Sexta-Feira, 26 de Abril de 2024
Complexo do lenho rugoso da videira (Grapevine rupestris stem pitting-associated virus (GRSPaV), Grapevine virus A (GVA) e Grapevine virus B (GVB))

Hospedeiros: Vitis vinifera e V. labrusca (Vitaceae) - videira

Agente causal: Grapevine rupestris stem pitting-associated virus (GRSPaV), Grapevine virus A (GVA) e Grapevine virus B (GVB)

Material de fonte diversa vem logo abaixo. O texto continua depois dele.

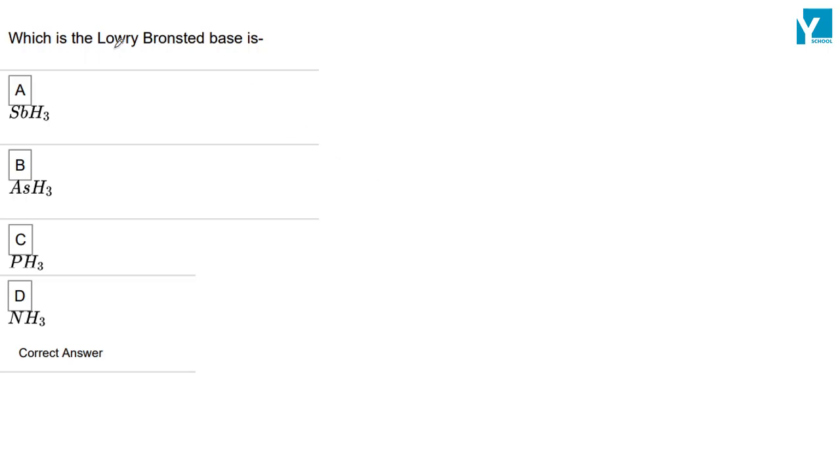Which of the following is a Bronsted-Lowry Bronsted base? Bronsted-Lowry base or Lowry-Bronsted base are based on which donate electrons.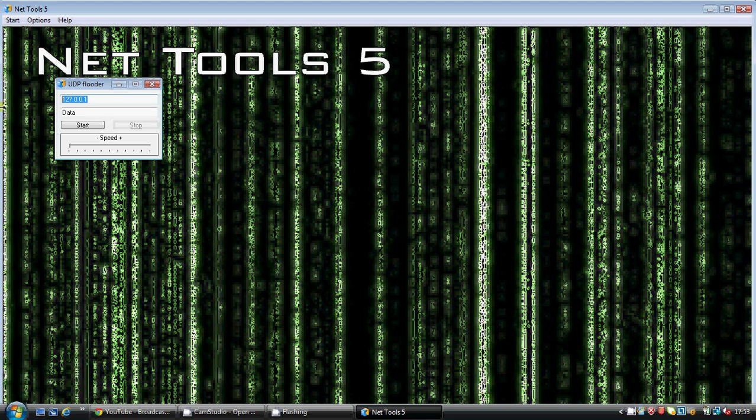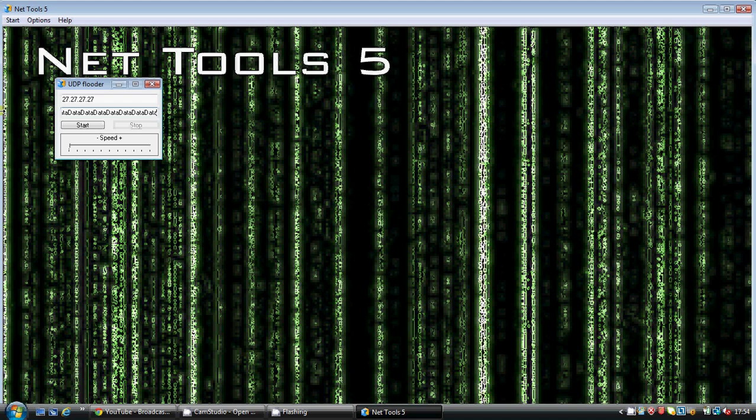And you got to press this arrow a few times until you get to UDP Flutter. Once here, you got to type in 27.27.27.27, then copy this data and then paste it loads and loads and loads.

Etiologia: Quatro viroses constituem o complexo do lenho rugoso da videira (Grapevine rugose wood complex), podendo causar alterações no lenho de plantas infectadas e prejudicar a formação dos vasos condutores da seiva:
(i) o intumescimento dos ramos (Corky bark);
(ii) as caneluras do tronco de Rupestris (Rupestris stem pitting);
(iii) a acanaladura do lenho de Kober (Kober stem grooving); 
(iv) a acanaladura do lenho de LN33 (LN33 stem grooving).
As três últimas viroses mencionadas são genericamente conhecidas por “caneluras do tronco da videira”. Estas viroses podem ser identificadas por meio de testes biológicos constituídos de enxertia em cultivares indicadoras sensíveis (Rupestris du Lot, Kober 5BB e LN33), específicas para cada vírus.

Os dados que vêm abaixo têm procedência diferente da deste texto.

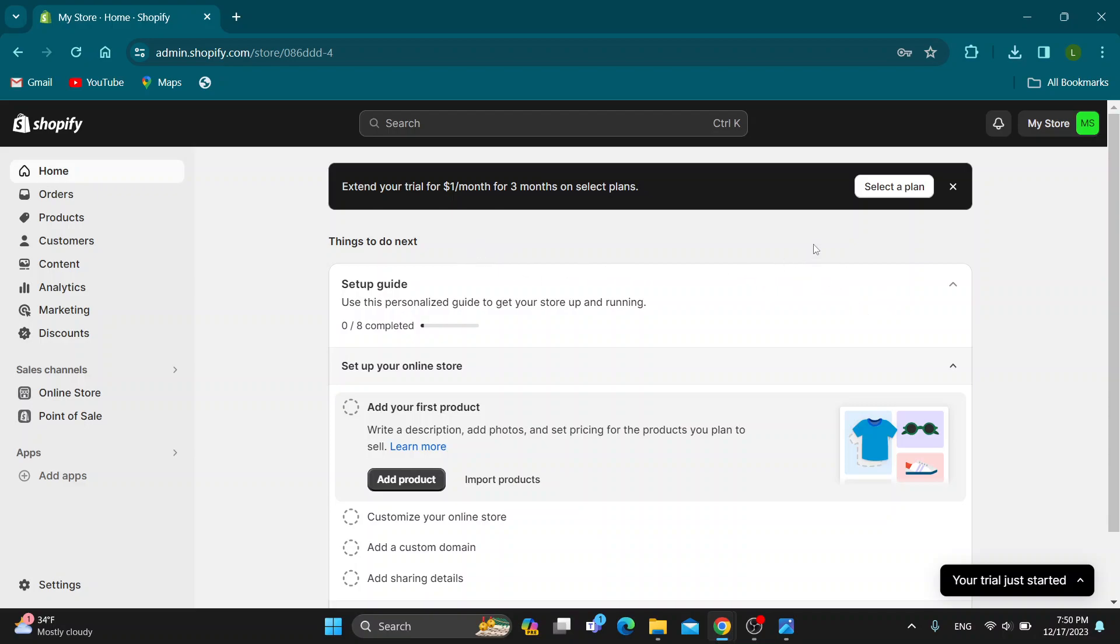The first thing you want to do is open up the official Shopify.com website right here if you haven't already. After opening up Shopify, you want to log into your account. If you do not already have an account, you can register for one.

O agente causal do Intumescimento dos ramos da videira é o Grapevine virus B (GVB), pertencente ao gênero Vitivirus, família Betaflexiviridae. As partículas são alongadas e flexuosas com 760 nm de comprimento e 12 nm de diâmetro, possui genoma constituído de RNA fita simples com 7599 nucleotídeos e organizado em 5 ORF (fase aberta de leitura). Com certa dificuldade, o GVB pode ser transmitido mecanicamente para Nicotiana occidentalis e outras hospedeiras herbáceas.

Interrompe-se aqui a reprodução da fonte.